Anti-Judaism in Early Christianity: Volume 2: Separation and Polemic

Description

185 pages
Contains Index
$14.95
ISBN 0-88920-196-X

Year

1986

Contributor

Edited by Stephen G. Wilson
Reviewed by Richard C. Smith

Richard C. Smith is a professor in the Classics Department of the
University of Alberta.

Review

This selection of essays edited by S.G. Wilson, Professor of Religion at Carleton University, presents work from the final two years of a five-year seminar held at annual meetings of the Canadian Society of Biblical Studies in 1981 and 1982. Though the title focuses on anti-Judaism, the essays are much more concerned with the relationship between Judaism and Christianity during the first two centuries of our era and the causes for separation between the two religions rather than anti-Semitism as such.

The volume comprises eight essays, including two by the editor, as well as an evaluation in retrospect of the results of the total five-year process by Professor Lloyd Gaston of the Vancouver School of Theology. The editor has also provided an introduction, notes on the various contributors, an index nominorum and an index locorum.

Professor Wilson’s two essays deal with the second-century heretic and gnostic, Marcion, and the Christian orator, Melito, who flourished in the reign of Marcus Aurelius. Since Marcion’s views were often the majority view of Christians in this period, the first essay makes clear that Marcion’s ideas were much more the rejection of the authority of Judaism than the rejection of Jews themselves. The more extreme Catholic position, as illustrated by Melito of Sardis, on the other hand, appropriated all the authority of Jewish tradition and Scripture for Christianity but viewed the Jews themselves as the murderers of God. It is especially ironic that Melito, at least, seems to have been led to his unfortunate position by his own desire to appropriate Jewish Passover traditions for Christian belief and practice including the celebration of Easter on the day of Passover instead of the first Sunday after Passover.

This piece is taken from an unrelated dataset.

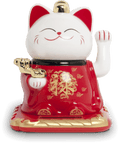 Lucky cat Solar Lok 9x10x10,5 cm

William Klassen of the Interfaith Peace Academy of Jerusalem offers an interesting essay on the epistle to the Hebrews. He proposes that the epistle seems to have been written before 70 C.E. and, if so, would have been well received by Jews living outside of Judea and Jerusalem and even these would not have had any great difficulty with it. In contrast, M.B. Shukster and Professor Peter Richardson of the University of Toronto note that the epistle of Banabas is most polemical against Judaism because at the end of the first century, Judaism had become a most attractive alternative to Christianity. Since they feel that the epistle was a product of Syro-Palestine, the change to direct attack on the temple and rabbinic exegesis in only a few years from the presumed time of the epistle to the Hebrew is striking.

Lloyd Gaston, as well as a retrospect, also contributed an essay on Ignatius of Antioch and related writers of the second century. He points out that much of the so-called anti-Judaism found here is really directed against Gentile Christians who adopted various Jewish practices (including reading the Septuagint as scripture!). Such Christians are also criticized in the Pastoral Epistles and Revelation. Such criticism was totally misunderstood later and was thought to be directed against actual Jews.

In other essays, Harold Remus of Wilfrid Lauricr shows that Justin Martyr’s so-called argument with Judaism is really designed to convert pagans; Jack Lightstone of Concordia University indicates how Early Rabbinism, Hellenistic Judaism, and early Christianity all offered holy men as mediators; and Alan Segal of Barnard College traces gnosticism in Christianity and Judaism (as well as calling for further study of the subject).

Taken together, the essays are a strong indication of the excellent work being done in this area of interpretation. It is to be hoped that not only the views expressed here will be carefully studied but that the results of further seminars on similar topics will be made available from the Society of Biblical Studies.